I was sitting in the front row, almost center. On either side of me sat a dozen women, with another row full behind me. Some rocked back and forth with babies cradled in their arms. Others sat quietly with wrinkled hands clasped delicately in their laps. And a few gingerly flipped through the scriptures open on their knee.
The hum of whispered chatter that begins the ladies’ meeting on Sundays is one of the happiest sounds I think I know.
Class began and the woman beside me read, “…Thou shalt love the Lord thy God with all thy heart, and with all thy soul, and with all thy mind. This is the first and great commandment. And the second is like unto it, Thou shalt love thy neighbor as thyself.”
That’s hard sometimes. To love your neighbor, that is. All of them. And without equivocation. Especially the prickly ones.
But as I thought about it, I came to some conclusions.
Loving your neighbor requires that you get outside yourself. You have to sidestep your bubble of life and extend your reach beyond your daily task list. I think we get so caught up in our “busy,” our “hurry,” our “need,” that we don’t see each other sometimes. Sure our eyes generally register that another human being is somewhere within the vicinity of our sight. But. We’ve got to start seeing each other. We’ve got to start looking the people in front of us in the eye, and seek to understand what’s behind the blue, or the brown, or the green. We’ve got to push the edges of our spheres out a bit and position ourselves inside opportunities to love another soul.
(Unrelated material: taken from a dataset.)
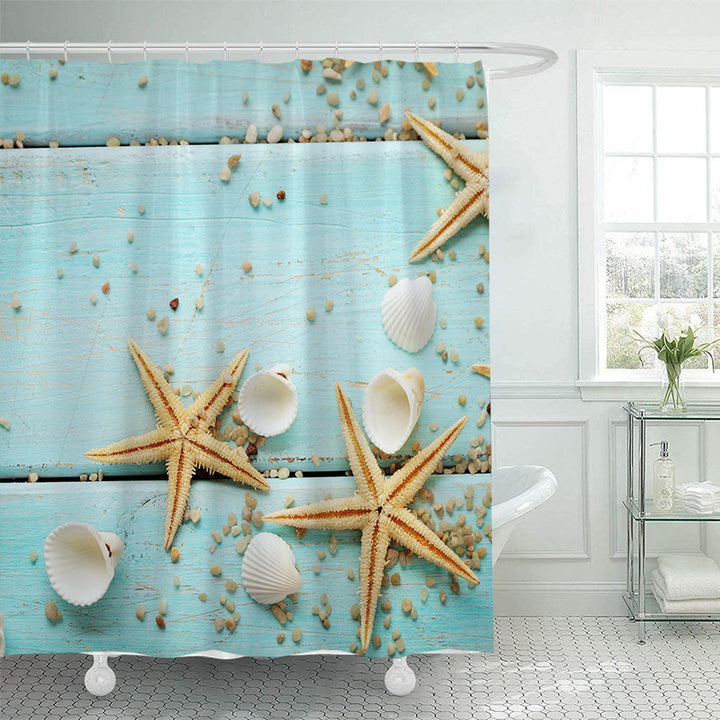 Coastal-themed Shower Curtain Bowlift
Loving your neighbor is easier when you know their story. Each of us is a vast library of collected works. We are chapters upon chapters of events and experiences and education. Some good. Some bad. Some happy. Some sad. And the sum of those stories equals our “why’s” for doing what we do, acting the way we act, thinking the way we think, and saying the things we say. But I have learned that love comes more easily and swiftly when you know those stories. Because the stories bring understanding. And understanding brings compassion. Yes. Loving someone is easier when you know their story.
Loving your neighbor is impossible without extending grace. No one is perfect. People don’t always say what you’d wish they’d say, or do what you wish they’d do. Sometimes they say hurtful things. Sometimes they say stupid things. Sometimes they don’t say anything—when they probably ought to. But. People are human. People forget. People don’t always know. So perhaps a better response to those disappointments or frustrations or annoyances is to simply give someone the benefit of the doubt. To remember that we’re all just trying to do our best. That sometimes our best comes out a mess. And just extend grace.
At the end of the lesson, the teacher made a passing comment that I think went mostly unnoticed, but was perhaps the most profound sentiment of the class. She said, “God makes amazing people.”
And I think she’s right.
God does make amazing people. And to love them is not just a commandment. It is a privilege.